Baltica output¶
Baltica framework produces two files as output:
- an R markdown report
- an excel spreadsheet
Note
If available, the orthogonal dataset is treated as a new method named orthogonal.
Baltica table spreadsheet¶
results/baltica_table_{proj_name}.xlsx
The spreadsheet contains the complete set of coordinate output by methods and comparisons. In addition, there are a column for the combination of methods and comparisons plus the columns for the annotation:
- coordinates: junction genomic coordinate in the format:
{chr}:{start}-{end}:{strand}
(strand omitted if none) - score columns: in the format:
{method}_{comparisons}
- is_novel: whether the splicing junction is or not annotated
- gene_name: the gene name obtained from the de novo annotation workflow
- transcript_name: transcript name from the de novo annotation
- class_code: transcript class association to the reference annotation transcript, please see Fig 1 in the GFF Utilities paper for details
- exon_number: pairs of exon numbers from the de novo annotation. First of the pair is the donor exon if the feature is the positive strand; otherwise acceptor
- as_type: type of AS for each junction exon skipping (ES), alternative 3' splice site (A3SS), alternative 5' splice site (A5SS)

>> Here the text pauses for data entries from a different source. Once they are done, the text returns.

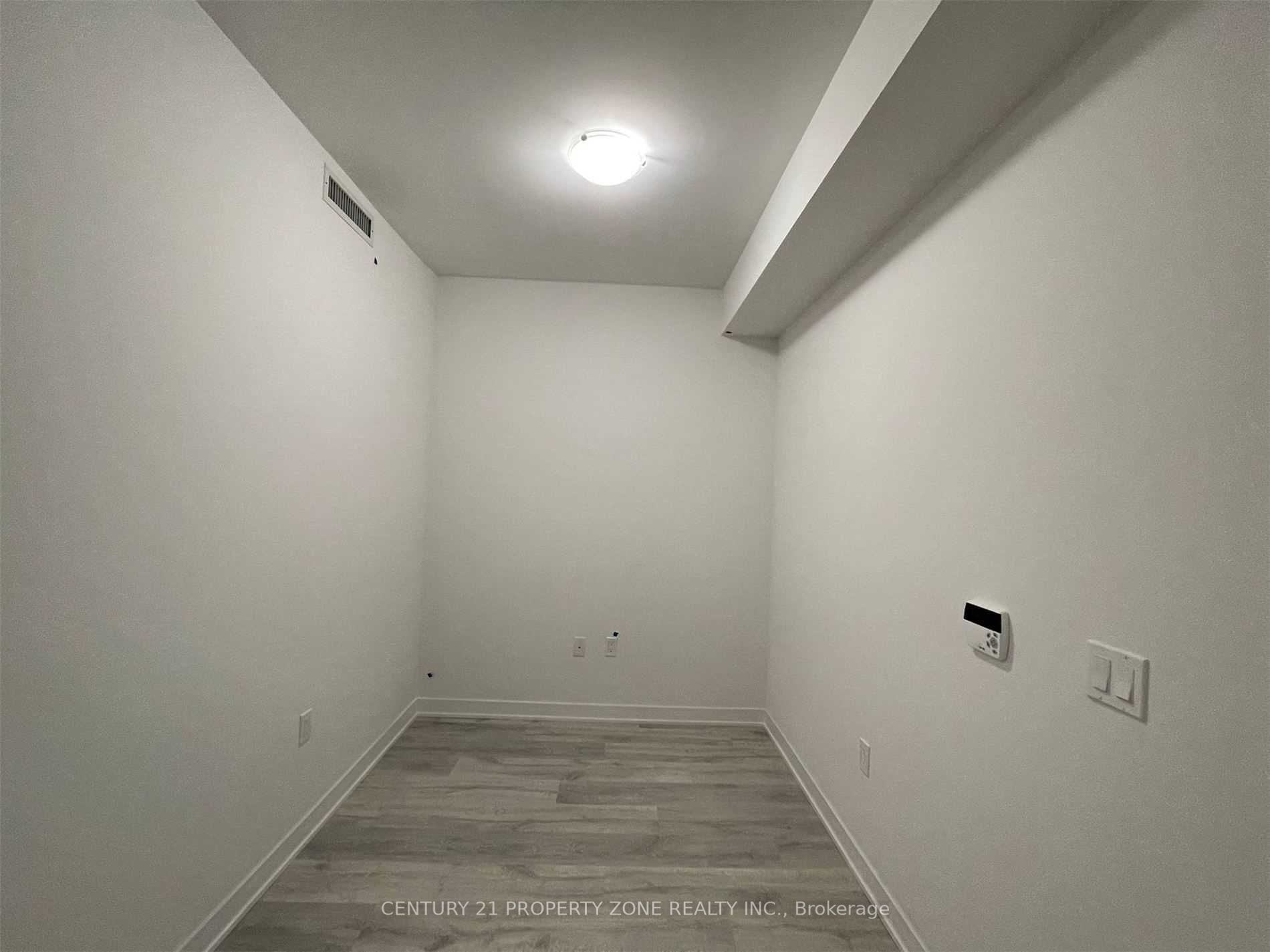 4675 Metcalfe Avenue #1708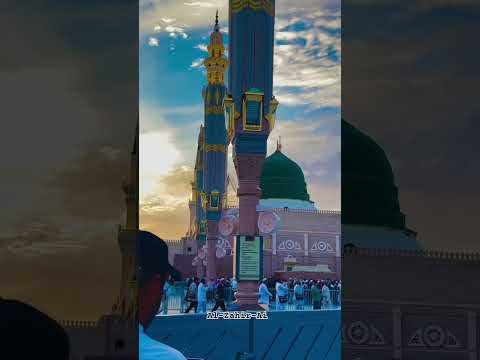 QURAN PADHNE KI FAZILAT 😱|| #facts #hadees #shots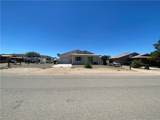 3040 Pacific Avenue - Photo 5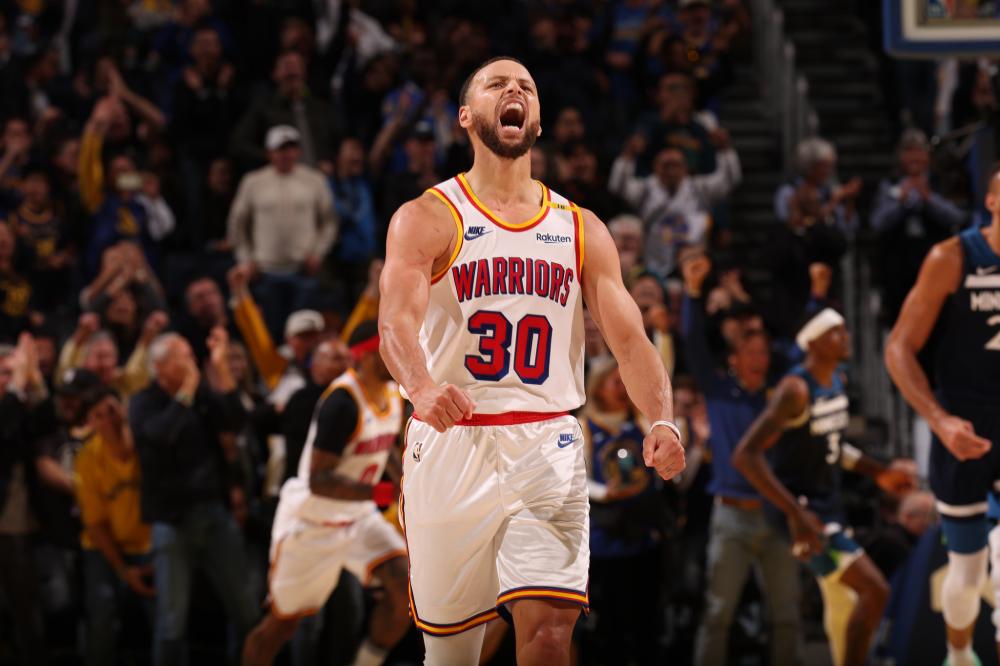 在告别战中 在告别战中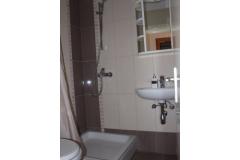 Apartmani Berak Apartman 3 – 2 foto 5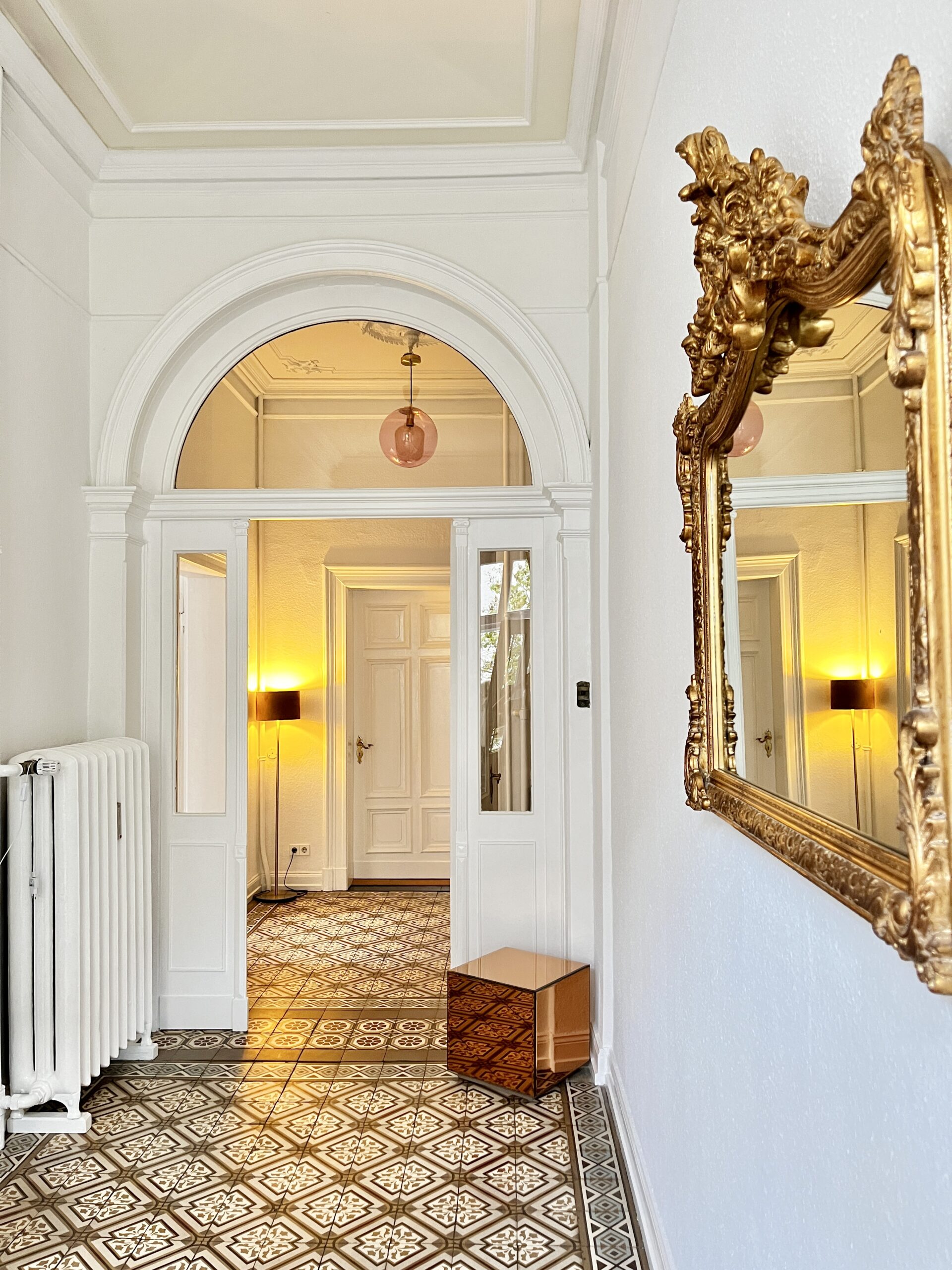 LUR2021_3332 | Villa – Bild 13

Currently, the HTML report comprises two sections:
Common splice junctions¶
The upset plot shows the combination of distinct sets of calls (score > 0.95) from each method and contrast. The plot helps to compare the common calls among sets. The complement sets are ignored, as these sets usually have a high number.
Baltica table¶
This interactive HTML table provides the top 1,000 (or baltica_max_table
in the configuration file) sorted by the sum of the scores. Extra annotation is available upon clicking on ▶. In addition, the coordinates columns link to the UCSC genome browser. Regional URL for UCSC GB can be selected with ucsc_url
, and assembly should be selected with the assembly
configuration
Baltica report configuration¶
Change the following options on your project configuration to change the report:
- project_authors: name of the persons running the project
- project_title: name of the files and report title
- baltica_max_table: maximum number of rows on the HTML table
- assembly: assembly used for linking with the genome browser
- ucsc_url: URL for the genome browser, like
http://genome-euro.ucsc.edu
for the European mirror
Reproducibility¶
This section provides the information necessary to reproduce the report, including project configuration and R package version.